Fiction. "Chuck Richardson's SMOKE probes human existence by pursuing truth and meaning in an unknowable, inexpressible universe, much like the authorities. What makes SMOKE fascinating is the imaginary catastrophe lurking behind it, which leaves us to invent and imagine the world anew"—Raymond Federman.

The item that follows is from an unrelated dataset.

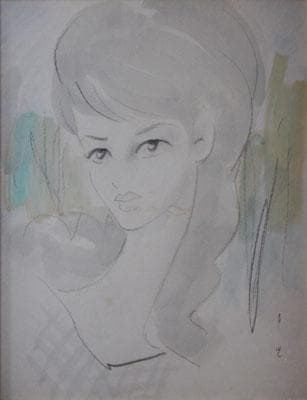 東郷青児　婦人像　水彩画　6号　額装　右下にサイン　東郷青児鑑定委員会証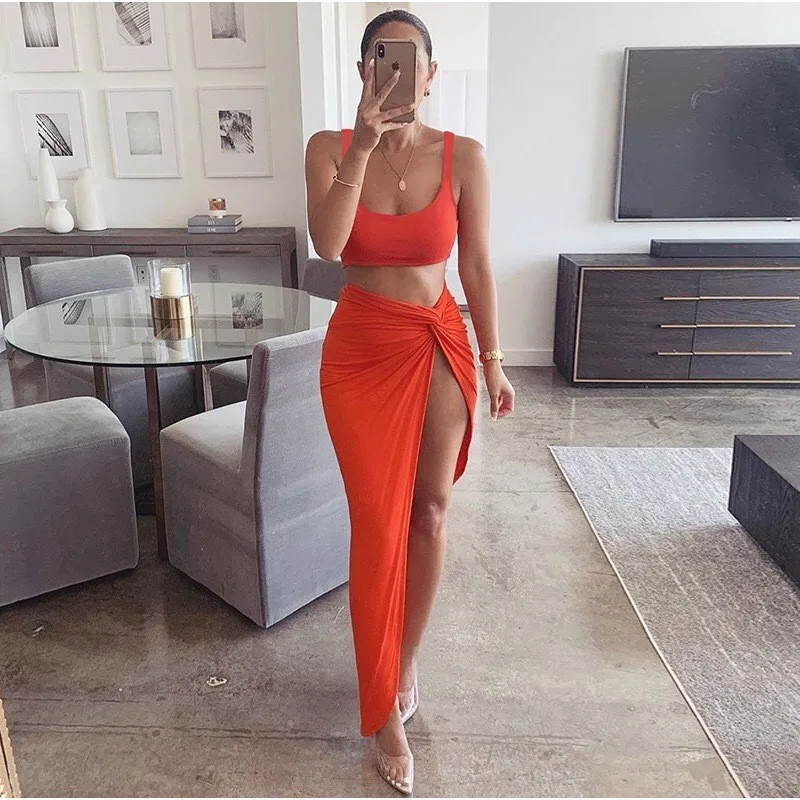 Women's Sling Strap Breast Medium Length Skirts Sets Summer Solid Color High Slit Skirt Two-piece Suit Female Sexy Party Outfits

Author City: LOCKPORT, NY USA
Chuck Richardson has worked as a newspaper political reporter/columnist, freelance journalist, Greenpeace activist, cab driver, insurance salesman, substitute teacher, landscaper, nature preserve tour guide, bar bouncer, submarine SONAR technician, etc., and now finds himself gainfully employed as a direct care provider in a group home for mentally handicapped adults. Richardson's fiction has appeared in the Fall issue of BlazeVOX 2K7: An Online Journal of Voice, Mayday Magazine, and Thieves Jargon. His play, TV Land, was produced by the Buffalo Ensemble Theatre in 1997. From 2003 to 2005, Richardson maintained a broad web presence in the anti-Bush blogosphere, posting more than 100 screeds on more than 50 sites. One of them, "Looking for a Deathbed Conversion," was published in Howling Dog Press's The Cost of Freedom: The Anthology of Peace and Activism (2007), a book which has received rave reviews from Harry Belafonte, Howard Zinn, and others. BlazeVOX Books has published two of his novels, SMOKE (2009), and SO IT SEAMS (2010). He lives in Western New York.